Perhaps this would be as good a time as any to clarify what difference, if any, there is between a vendor branch and a vendor drop...

[1]

A vendor branch is a directory tree in your own version control system that contains information provided by a third-party entity, or vendor. Each version of the vendor's data that you decide to absorb into your project is called a vendor drop.

It sounds like the standard way to do this is to have vendor branch (called vendor/) that contain data/source code for one or more third-party vendors or vendor software projects, each of which gets its own subdirectory (vendor/rails, vendor/mediawiki, etc.) (I think it should be okay to call this directory a "vendor branch" as well). Under each per-project subdirectory lives another level of subdirectories. These are what are referred to as the actual vendor drop -- each one represents a specific version of a specific vendor product/project.
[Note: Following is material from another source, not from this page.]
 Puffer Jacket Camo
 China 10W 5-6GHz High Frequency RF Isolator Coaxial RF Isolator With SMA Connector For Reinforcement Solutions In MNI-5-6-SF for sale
Okay, now that that's been cleared up, I need to introduce a distinction. We can either have:

  • a vendor branch that does not contains vendor drops, but rather is synchronized/pulled in from a remote repository (either via svn:externals or svn export). This type of vendor branch only contains one version at any given time.
  • or: a vendor branch that contains vendor drops. It can contains multiple versions of the data -- each version constitutes a vendor drop.

[edit] Problem: Need a way to store in the vendor branch/drop information about where it came from

This is, we need to store some metadata with each vendor branch/vendor drop:

  • If it's from a repository, we need to store, at the very least, the URL of the remote repository (also good to store the revision number, as explained below)
  • If it's from a package/official release, need to store release number

[edit] Vendor branches using vendor drops

This is a bit harder for a vendor branch that uses vendor drops (but is repository-source-less), which are often from an official release/zip file (mediawiki-1.8.2.tgz for example) and the revision number (from the vendor's repository) is (or can be if it's not an open-source project) unknown.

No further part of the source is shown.